SURABAYA (Lentera) - Menurut drg. Aliyah, Sp.KGA, dokter spesialis kedokteran gigi anak lulusan Universitas Indonesia, sekitar 30 hingga 60 persen anak Indonesia di bawah usia tiga tahun mengalami maloklusi, berdasarkan data Survei Kesehatan Indonesia (SKI) 2023.
"Maloklusi itu prevalensinya itu sangat tinggi, sekitar 80 persen dari masyarakat Indonesia menurut SKI 2023. Kebayang ya bahwa salah satu dari kita saja itu terkena maloklusi dengan prevalensi 30-60 persen itu anak di bawah 3 tahun," kata Aliyah dalam jumpa pers di Jakarta, Senin.
Aliyah menjelaskan bahwa maloklusi adalah ketidaksesuaian atau ketidaknormalan posisi gigi pada rahang atas dan bawah saat bertemu. Sementara mengutip Organisasi Kesehatan Dunia (WHO), maloklusi adalah cacat atau gangguan fungsional yang dapat menjadi hambatan bagi kesehatan fisik maupun emosional dari pasien yang memerlukan perawatan.
Faktor risiko yang menyebabkan anak terkena maloklusi beberapa di antaranya yaitu pemilihan dot yang kurang tepat saat periode tumbuh kembang anak, lama dan frekuensi penggunaan dot yang tidak sesuai atau kebiasaan yang dapat mempengaruhi tumbuh kembang rahang anak sampai dengan adanya gigi berlubang yang menyebabkan gigi susu lepas sebelum waktunya.
Bisa juga dikarenakan kebiasaan mengisap jari, penggunaan dot yang tidak tepat hingga faktor genetik.
"Oleh karena itu, penting bagi orang tua untuk memilih produk perawatan gigi yang sesuai sejak dini, seperti penggunaan infant toothbrush untuk membersihkan lidah, memijat gusi, dan menyikat gigi pertama anak," ucap Aliyah.

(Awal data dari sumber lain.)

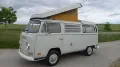Volkswagen T2a Westfalia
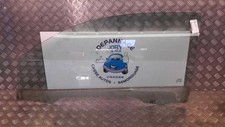 Vitre avant gauche RENAULT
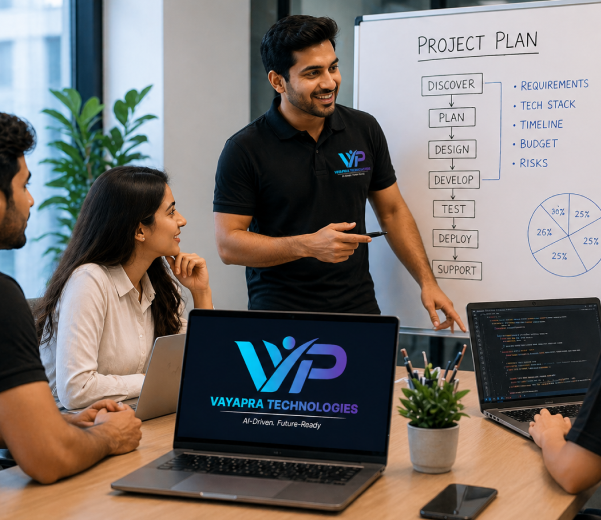 plan-your-project-with-your-software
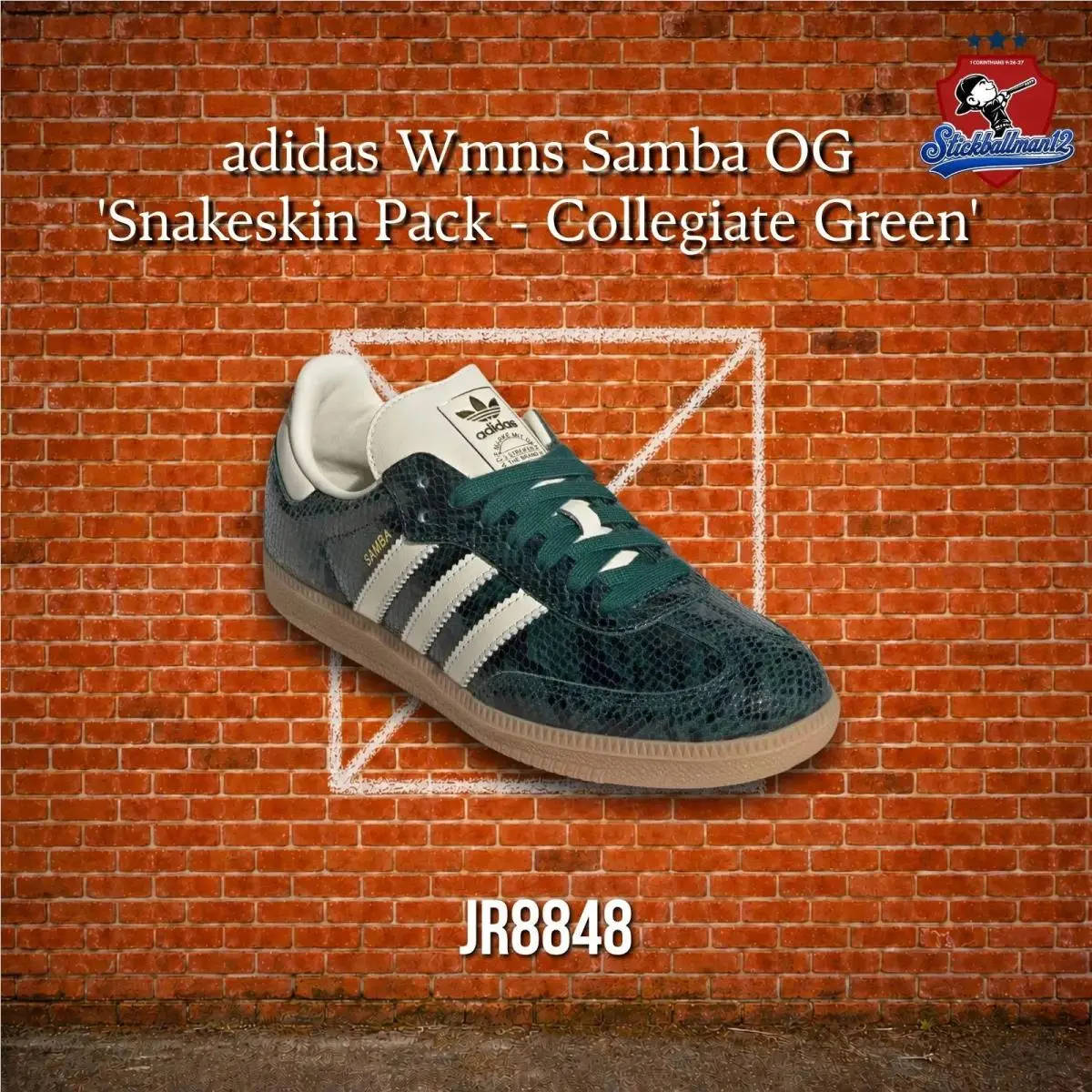 Adidas shoes - JR8848 - JR8848 - Multicolor 9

Aliyah menyarankan orang tua untuk memilih dot yang tepat dan dirancang dengan dot orthodontic yang mempunyai mekanisme yang menyerupai metode menyusu langsung (DBF), sehingga anak tidak bingung puting, mencegah tersedang dan teruji klinis mencegah maloklusi.
Dot dengan desain pipih itu pun akan membantu mencegah overbite atau underbite, mendukung gerakan menghisap (sucking motion) yang alami yang sering muncul saat si kecil beralih antara menyusu langsung dan botol.
"Pemilihan produk yang tepat bukan sekadar soal fungsi, tapi juga merupakan bentuk cinta act of service orang tua kepada anak dalam rutinitas sehari-hari," kata dia.
Orang tua juga disarankan untuk membersihkan gigi anak dengan infant toothbrush yang terbuat dari bahan silicon dan telah bebas BPA. Sikat gigi anak secara rutin dua kali sehari selama dua menit dengan menggunakan pasta gigi yang mengandung flouride.
"Jangan lupa jadwalkan pemeriksaan gigi rutin untuk bayi pada saat mulai tumbuh gigi pertama dan periksa gigi si kecil setiap 3-4 bulan sekali atau 3 kali dalam setahun," kata dia.
Apa Itu Maloklusi?
Maloklusi merupakan ketidaksesuaian atau ketidaknormalan posisi gigi pada rahang atas dan bawah ketika bertemu.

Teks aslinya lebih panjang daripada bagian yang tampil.